STABLE CHARACTERS AND RECOVERY
Recovering with Help: One hour after a tended, dying character becomes stable, make another DC 20 Fortitude save to become conscious, at which point he is disabled (as if he had 0 hit points). If he remains unconscious, he has the same chance to revive and become disabled every hour. Even if unconscious, he recovers hit points naturally. He is back to normal when his hit points rise to 1 or higher.
Recovering Without Help: … A character who becomes stable on his own (by making the DC 20 Fortitude save while dying) and who has no one to tend to him still loses hit points, just at a slower rate. He must make a DC 20 Fortitude save each hour of becoming conscious. Each time he misses his hourly roll to become conscious, he loses 1 hit point. He also does not recover hit points through natural healing.


The -10 limit becomes increasingly narrow as levels (and average damage) increase. The phenomenon where you know someone cannot lose more than a point a round leads to an unrealitic situation where there's no hurry to stabilize someone because they are "only at -3".

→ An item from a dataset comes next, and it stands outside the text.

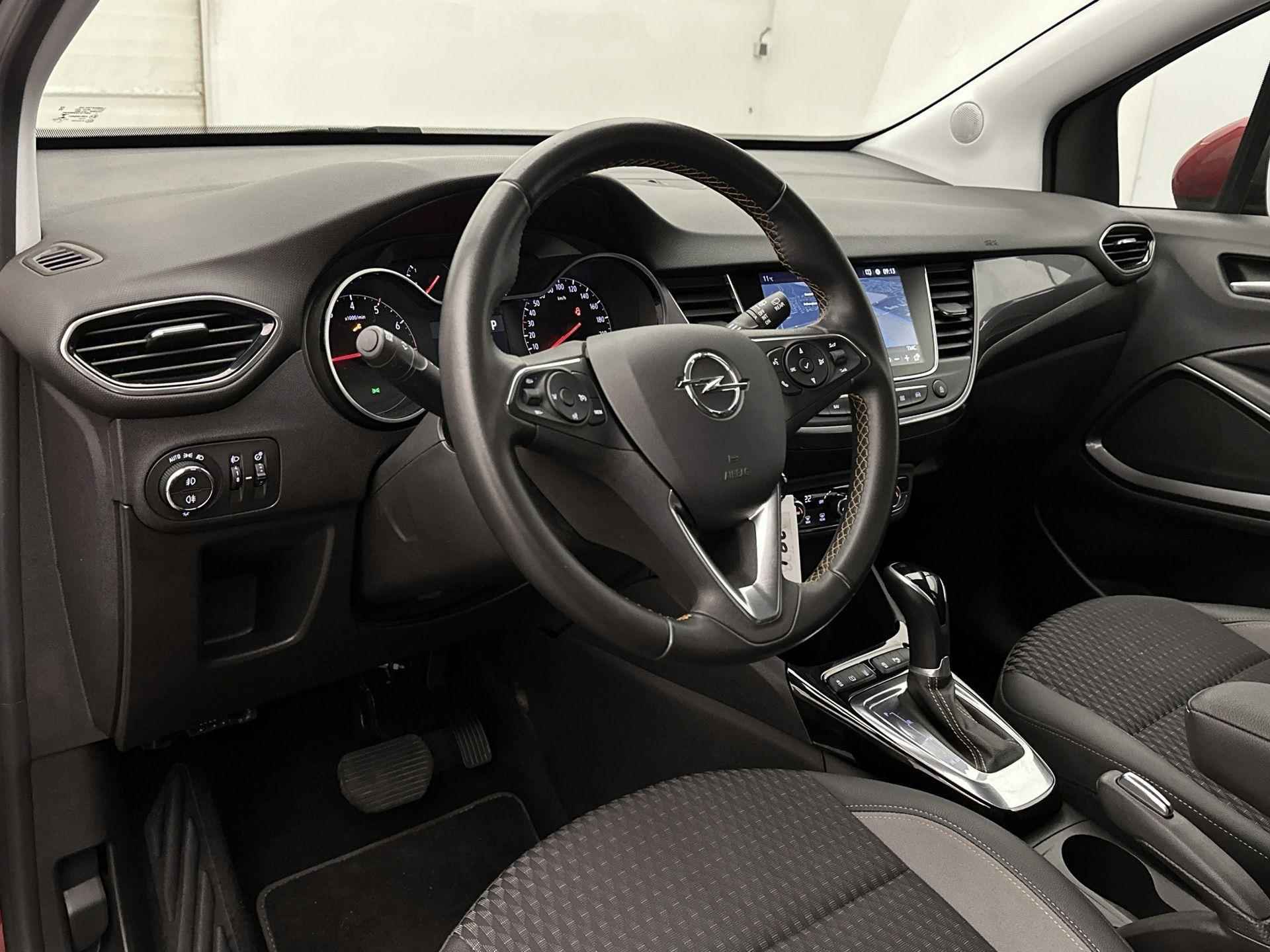 Opel Crossland X SUV Innovation 130 pk Automaat | Navigatie | Parkeersensoren Achter | LED Koplampen | DAB Ontvanger | Lederen Stuurwiel | Start/Stop Systeem | Climate Control | Cruise Control | 16" Lichtmetalen Velgen | Apple Carplay/Android Auto | - 11/36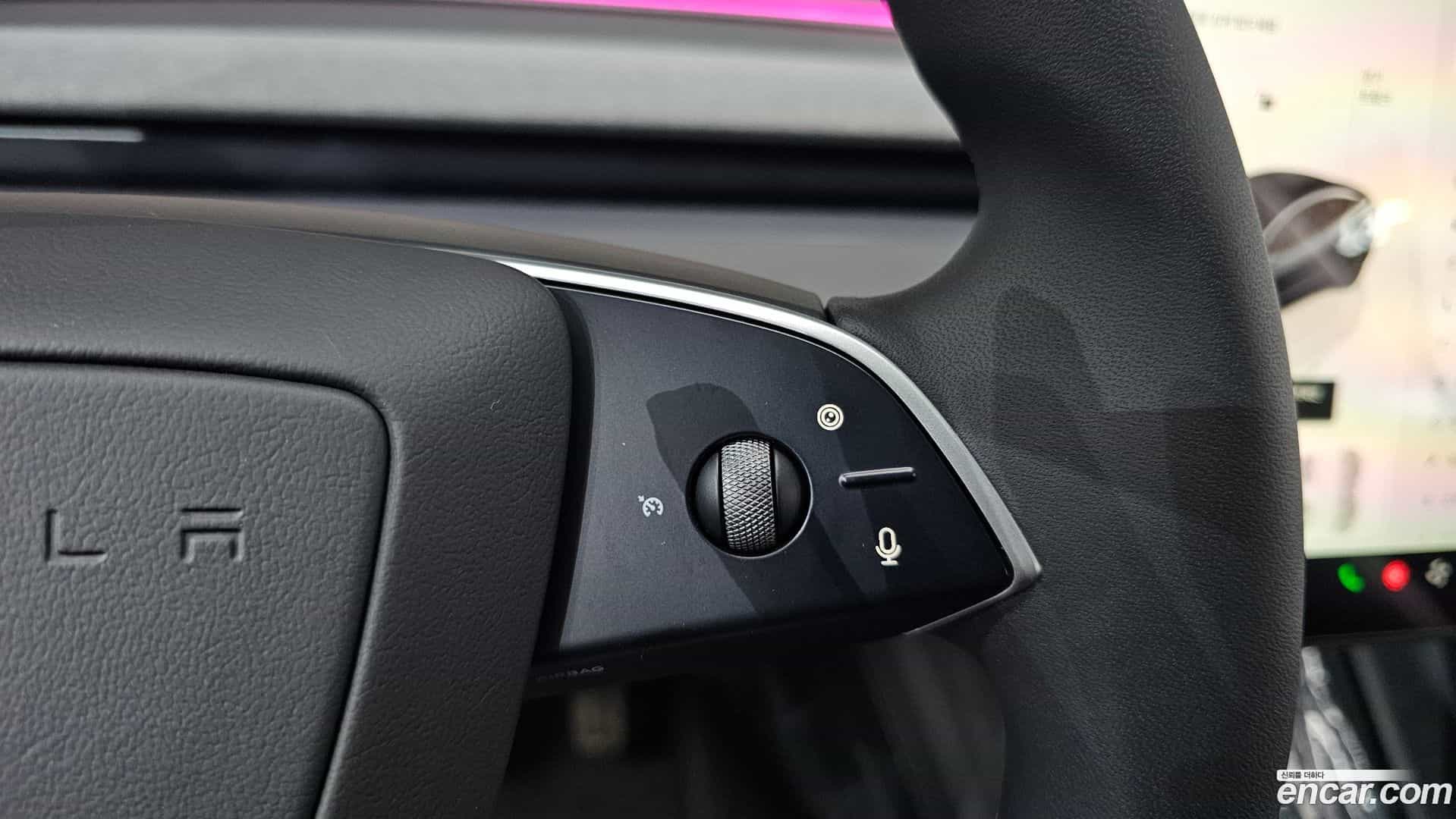 Model 3 Tesla 2025.10-OPTION-045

It would be nice to have a system that was still applicable at high level, and that did not have a deterministic duration (the guaranteed 3 rounds that 4th Ed proposes seems like a bad idea to me too).

There are many variants and systems out there which achieve these goals and I'm sure the designers can come up with something similar. It's a good place to improve the game without impacting compatability.


I houseruled that sure... the baddie takes you to -23 if before your next turn on init. (when you would roll to stablize between -1 to -9) if the party can heal you above -10 you don't die.

The Exchange

As I have mentioned, I use the Death and Dying from the UA. It has brought back a sense of urgency to heal someone. You never know when someone may fail a fort save and die. I think the negative HP thing is just a bad buffer(works well at earlier levels but doesn't work at all at later) along with the Stabilization rolls being a percentage(when else do you only have a 10% chance to actually save yourself from death).

Liberty's Edge

My players stay 'alive' until the end of the encounter even if at -10 unless it's an obvious death (IE falling into the machinery at the Seven's Sawmill, having it tear you apart, and drop you into the water when none of the other players knew you were going down there)


I have used a variation of the Fortitude save mechanic that works pretty well. Character reduced to 0 hp or less must make a Fortitude save (DC 15 + double the caracter's negative hp) to stabalize. a character that fails bleeds for 1 point of damage and must make a new save the next round. A character dies at negative 10 + Con modifier unless they roll a 1. A 1 is instant death. This creates a bit of uncertainty at even high levels.

I don't possibility of instant death on a bad roll since I have the raise dead spells inflict a temporary negative level or Con damage instead of premanent loss.


I have been extremely unhappy with the 10% rule to stabilize since it came out and once tried, almost gauranteed that a player would not stabilize. I always figured a CON modifier should aid this roll. Hence, for each positive bonus modifier to CON I added 5% chance to stabilize. High CON characters were rewarded and low CON characters tend to die if not helped.

But as pointed out before, at higher levels, the damage that one could recieve, didn't usually make much difference. -67 points from a lightning bolt when you were at 10 hp is still dead.

It would be beneficial to the overall game design if this were some sort of sliding check, or even going back to the "Resurrection/Survival" roll based on CON that was present in 2nd ed.